Return, word for word, only the lines of the data below that lie between the line with "used 2020 Ford Edge car, priced at $22,995" and the line with "建安七子是哪七个人 建安七子记忆顺口溜", those two lines included.

Start of Supplied material

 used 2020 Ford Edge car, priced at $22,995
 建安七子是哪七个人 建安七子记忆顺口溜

End of Supplied material
Start of Supplied material

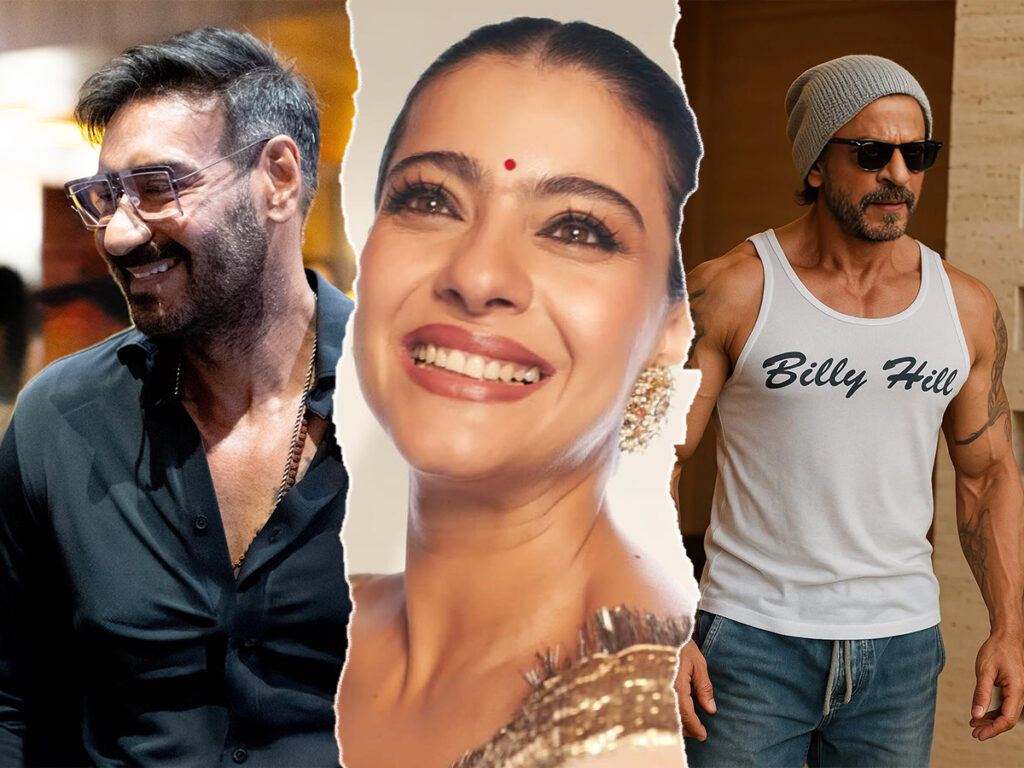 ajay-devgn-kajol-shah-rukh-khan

End of Supplied material
Start of Supplied material

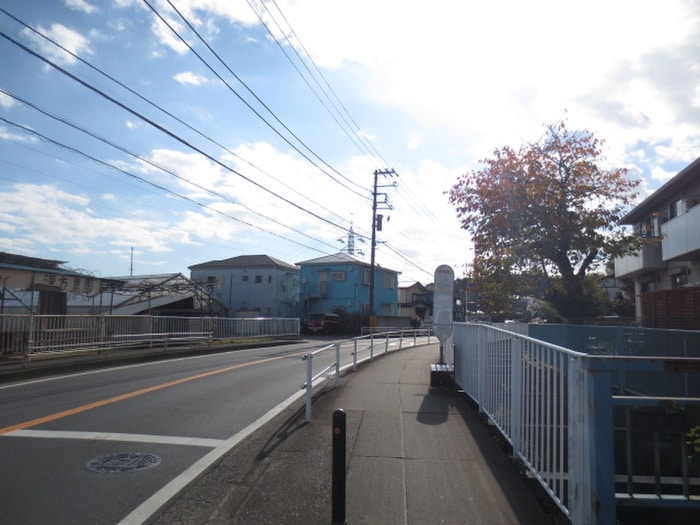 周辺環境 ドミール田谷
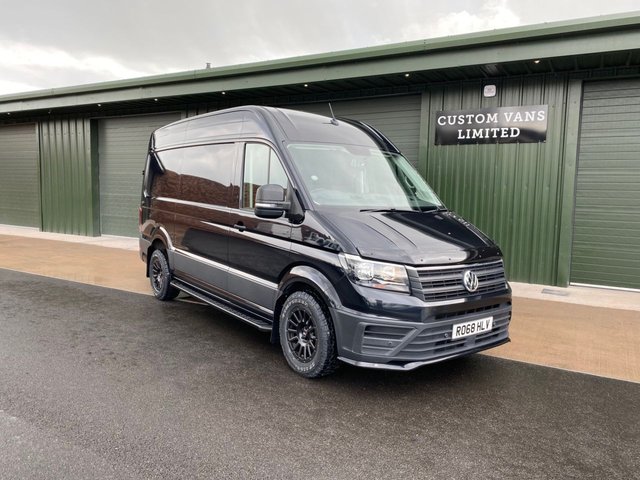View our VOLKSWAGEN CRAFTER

End of Supplied material

- Worked solution
 used 2020 Ford Edge car, priced at $22,995
 建安七子是哪七个人 建安七子记忆顺口溜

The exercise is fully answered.